• **Problem to work on**
Starting at the line with "2008 Jeep Wrangler" and ending at the line with "Anthony Hamilton with his RIAA plaque.", print exactly the lines of the entries below. Pictures do not belong in the copy.

Short text fragments from websites:

##########

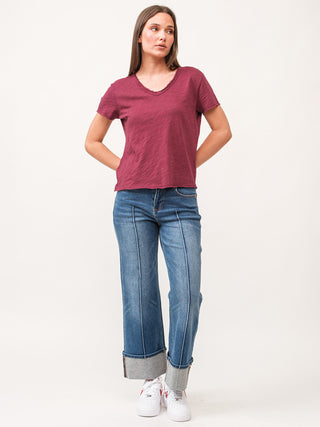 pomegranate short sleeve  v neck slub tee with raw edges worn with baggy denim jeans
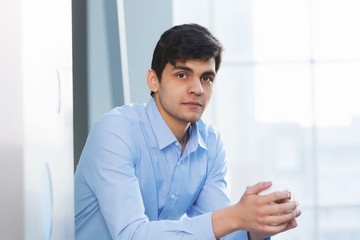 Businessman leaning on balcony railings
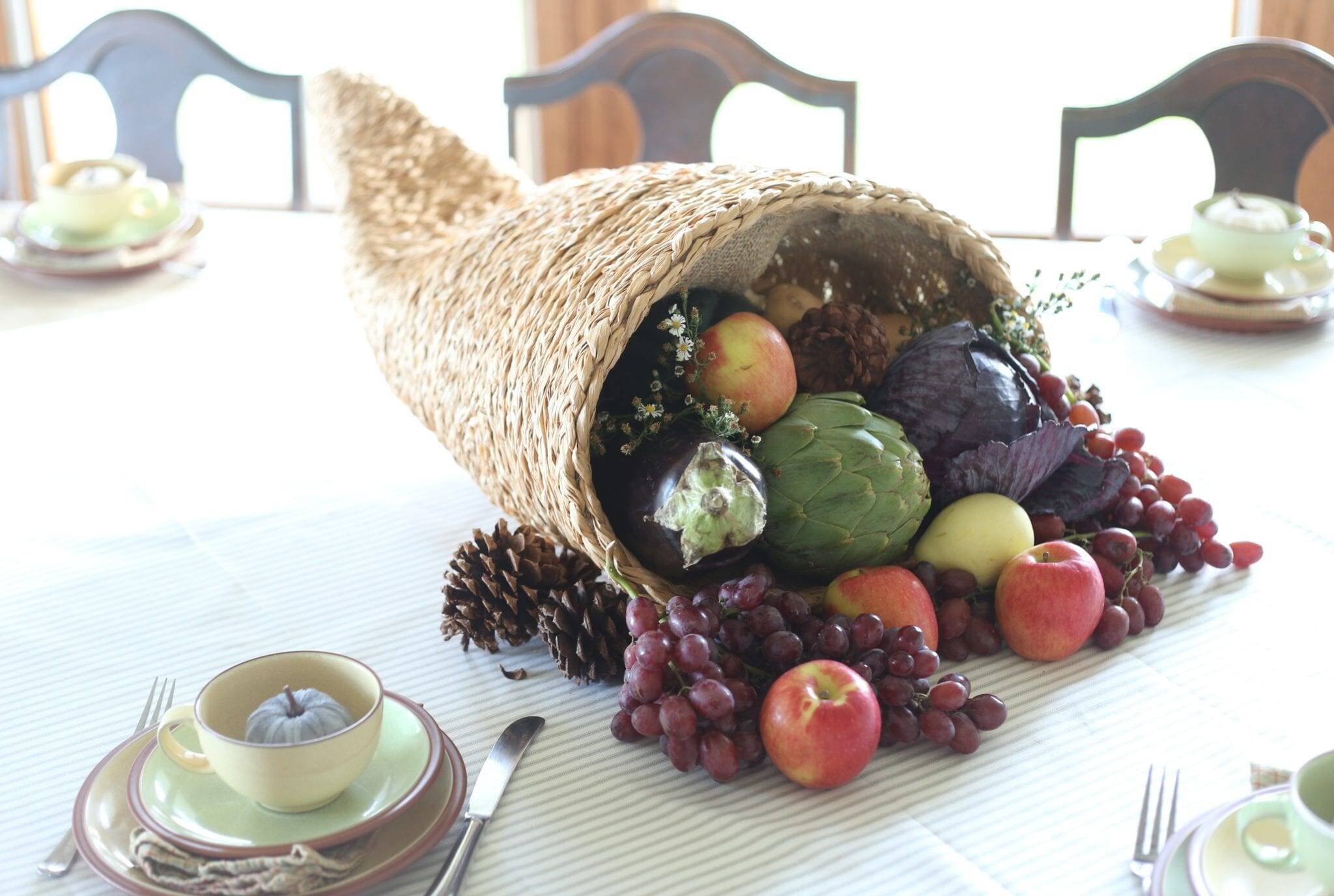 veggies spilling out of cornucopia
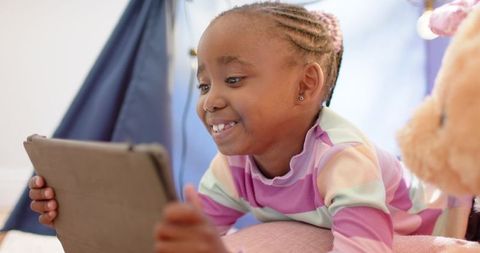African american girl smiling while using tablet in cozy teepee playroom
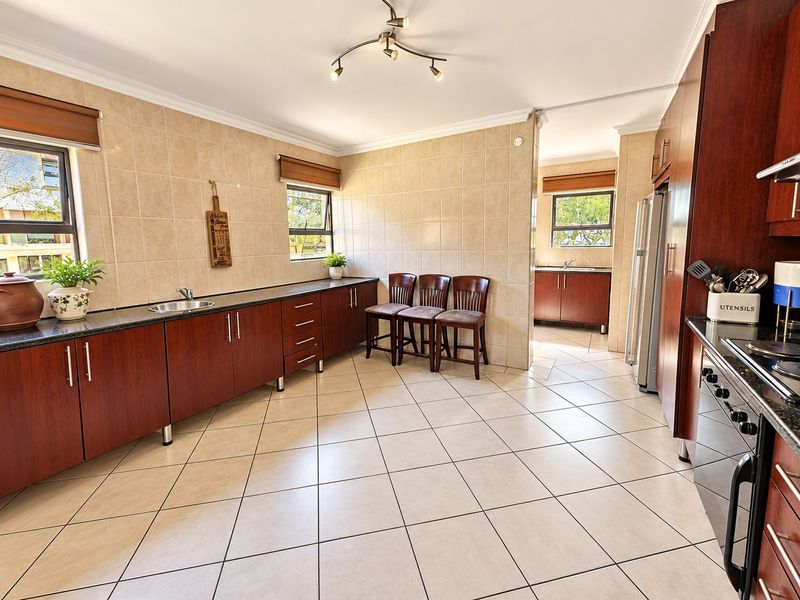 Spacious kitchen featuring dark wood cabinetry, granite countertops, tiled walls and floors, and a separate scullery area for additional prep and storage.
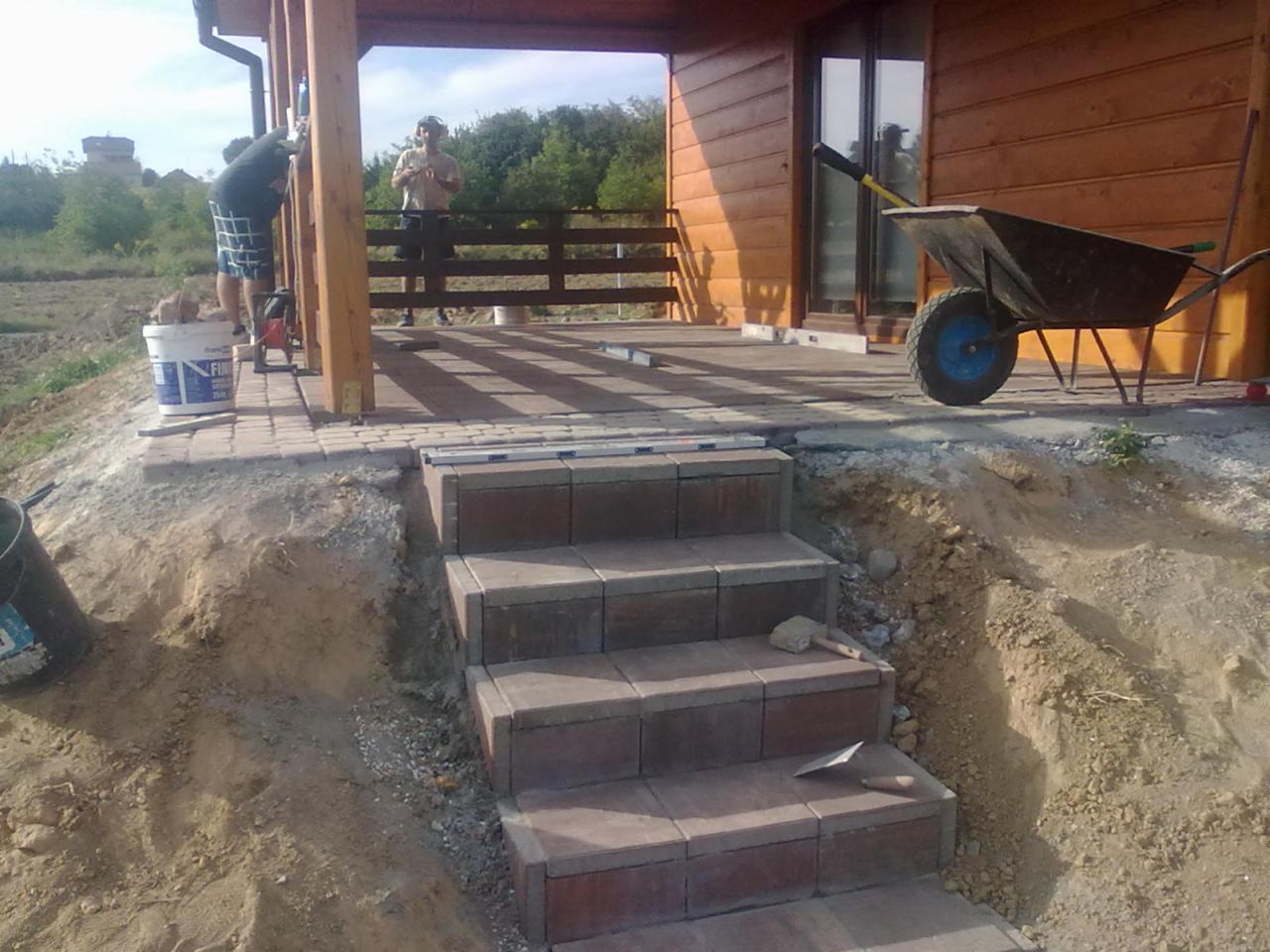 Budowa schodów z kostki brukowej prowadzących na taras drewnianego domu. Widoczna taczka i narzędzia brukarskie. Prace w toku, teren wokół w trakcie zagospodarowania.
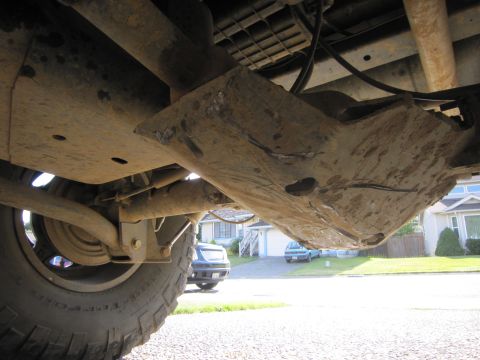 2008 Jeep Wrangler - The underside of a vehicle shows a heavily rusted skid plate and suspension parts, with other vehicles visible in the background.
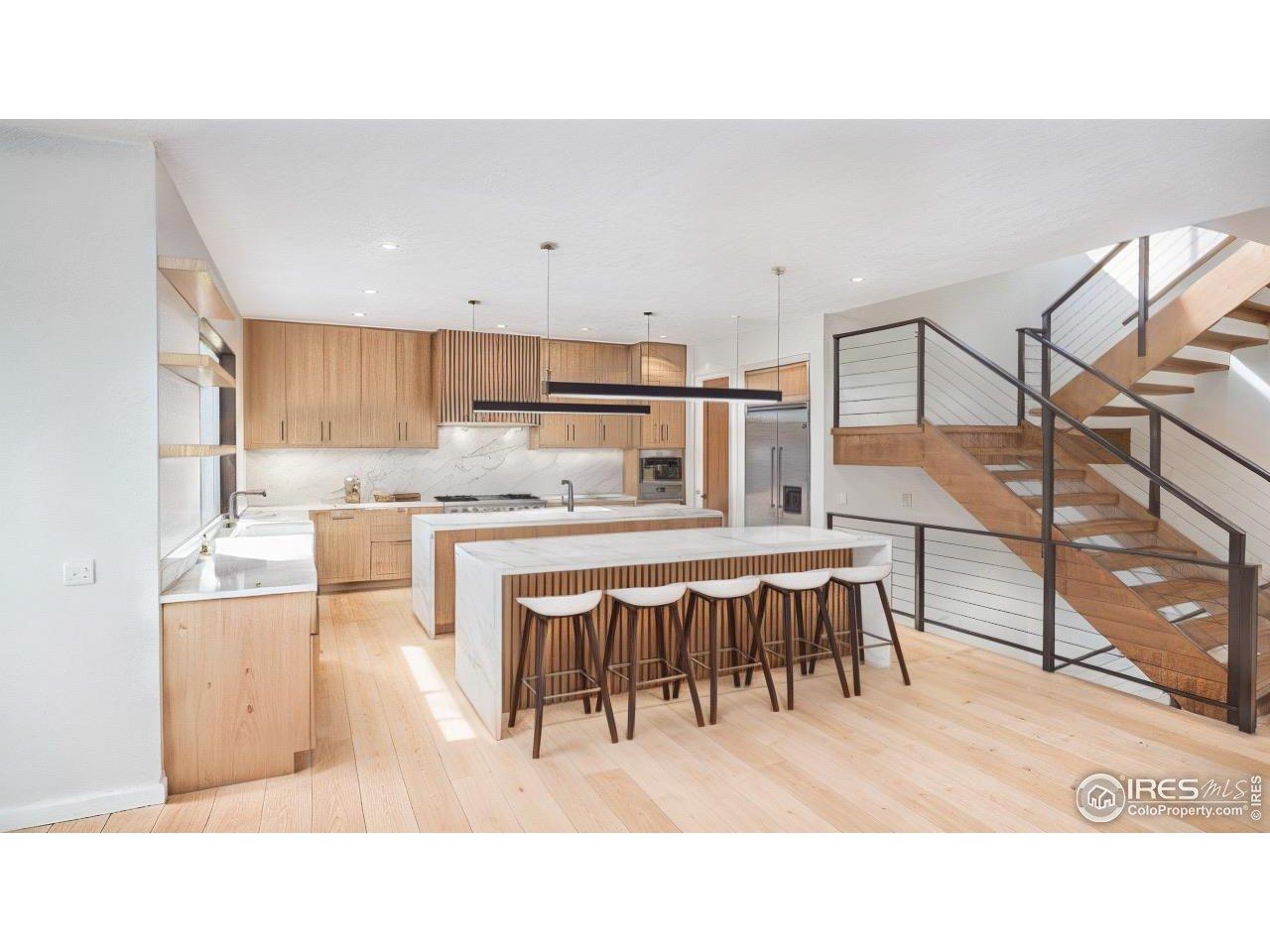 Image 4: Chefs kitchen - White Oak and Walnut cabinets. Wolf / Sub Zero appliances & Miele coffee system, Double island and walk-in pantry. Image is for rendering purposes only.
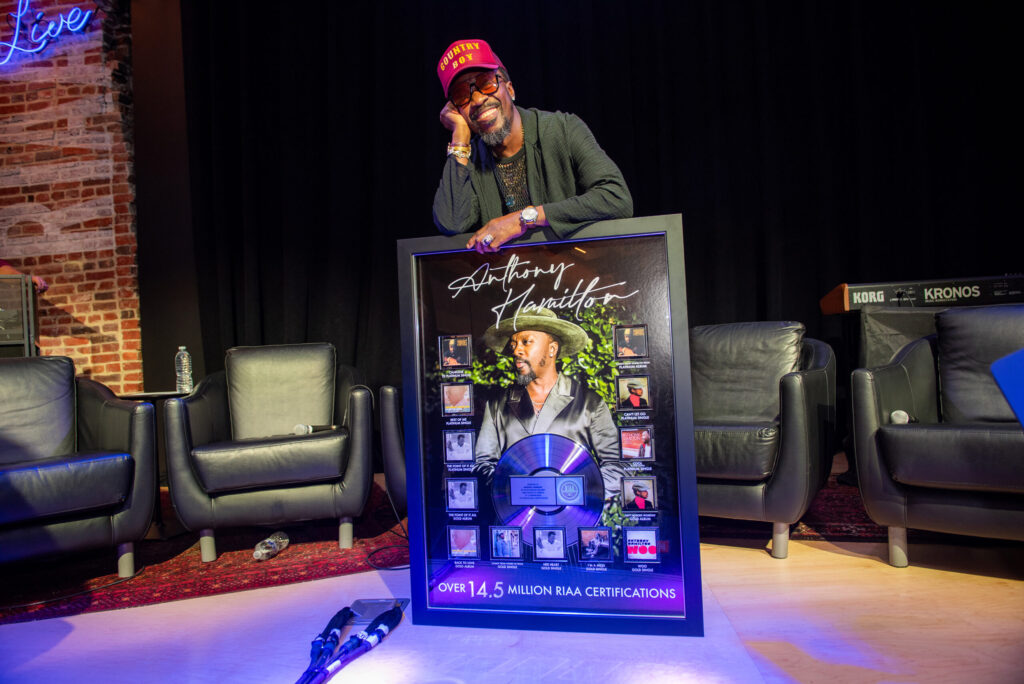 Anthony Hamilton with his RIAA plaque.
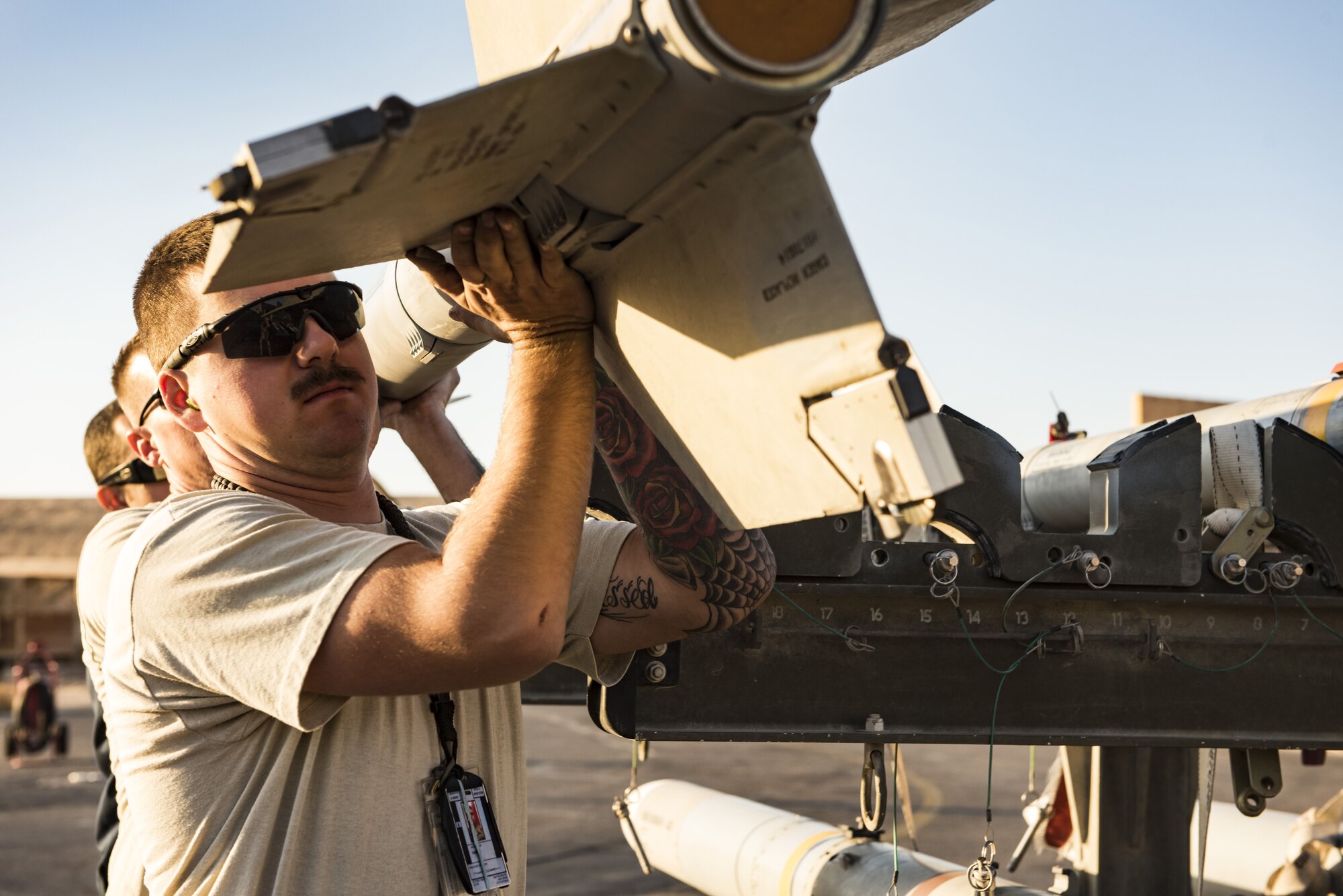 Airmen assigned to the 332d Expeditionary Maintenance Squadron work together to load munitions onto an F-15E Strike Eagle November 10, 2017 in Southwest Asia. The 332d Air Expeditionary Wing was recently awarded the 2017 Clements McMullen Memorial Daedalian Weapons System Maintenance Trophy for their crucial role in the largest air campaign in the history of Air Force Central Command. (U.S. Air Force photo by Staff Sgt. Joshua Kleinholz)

##########

• **Response for this exercise**
 2008 Jeep Wrangler - The underside of a vehicle shows a heavily rusted skid plate and suspension parts, with other vehicles visible in the background.
 Image 4: Chefs kitchen - White Oak and Walnut cabinets. Wolf / Sub Zero appliances & Miele coffee system, Double island and walk-in pantry. Image is for rendering purposes only.
 Anthony Hamilton with his RIAA plaque.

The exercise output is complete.